DC: Yes and it leads to a report being given to the organised agencies because you are just one among many institutions and if there is a complex money laundering scheme a lot of other institutions will be involved and you won’t see the whole story. Once you’ve made that report the Money Laundering Reporting Officer in pretty much every jurisdiction gets it. That overrides bank secrecy rules and data confidentiality and you have that protection as a Money Laundering Reporting Officer to enable you to do this. It is not easy to put the story together, some cases are very complex. The obligation on the firm is to do what they can to assist the investigating agencies to do their work effectively. A lot of our work within money laundering deterrent is to try to identify information that needs to be reported. Also you don’t want some of the headlines that we’ve seen in newspapers. You don’t want your brand associated with the word money laundering – or terrorist funding, or sanctions busting. So you do what you can to reduce as much as possible the probability that that’s going to occur. Can I eliminate it totally? I can’t. I remember one investigation we were involved in where we were looking for a particular person and there was a political thing, there’d been a problem and we were asked to do the investigation and I think we found $12,000 USD worth which was not significant in the great scheme of things but we were still in the list and we still got the adverse publicity. Life isn’t always fair and you do the best you can in this field and the people that know financial crime deterrents well and know their way around the systems and controls are very valuable people to the financial institutions in that they will reduce the incidence and likelihood of them being found guilty. Of course you also have a defence and a story because you’ve done what a reasonable bank ought to have done to try and make sure that you’re not caught by money laundering terrorist financer.

JB: Do you have a view on the emerging cryptocurrencies such as Bitcoin and whether we are equipped to deal with any potential threats they may pose?

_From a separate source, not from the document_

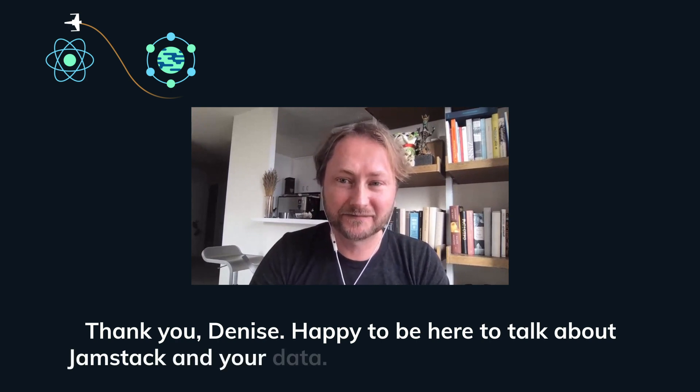Thank you, Denise. Happy to be here to talk about Jamstack and your data.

DC: Well, if you take internet banking, when you open up a credit card or bank account and you’re not seeing the bank, there’s not a lot of point in me having your photograph now is there? I’m never going to see you so what you look like isn’t relevant to me and I’m going to have to think of a way of being more analytic in trying to understand you as an individual. I’m probably going to have to call up more independent reports than before and change the way that I work. Clearly anything that separates the customer from the bank and creates barriers is going to increase the probability that it’s going to be exploited by a money launderer, so internet banking becomes a preferred route of action. We have rules for non-face-to-face customers and a mixture of things that you must do and things you might like to do. The thing about Bitcoin is the lack of registration that is the concern and it does make various things quite difficult such as for a government to know the true money supply and how your economy is moving so that is not a great thing. If I’ve got some Bitcoins, where do they come from? They are not registered anywhere. Well if you think about the pound coins in your pocket, they’re not registered anywhere either are they. It’s another set of thought processes you just need to go through and think about what additional challenges it presents to you. Quite a high percentage of the coins in your pocket are probably forged – I’ve heard various percentages. It’s about one in ten. You can tell by the weight and quality. Of course if you spend that money, then you’ve laundered it. The Bitcoin is just another anonymous information source with the difficulty that it is international. We’ve always been worried about the payment services cross-border and Bureau de Change, those kind of areas. There are rules and regulations about that already, it’s just another one of those I’m afraid.

JB: Mr Cox, thank you very much for talking to us.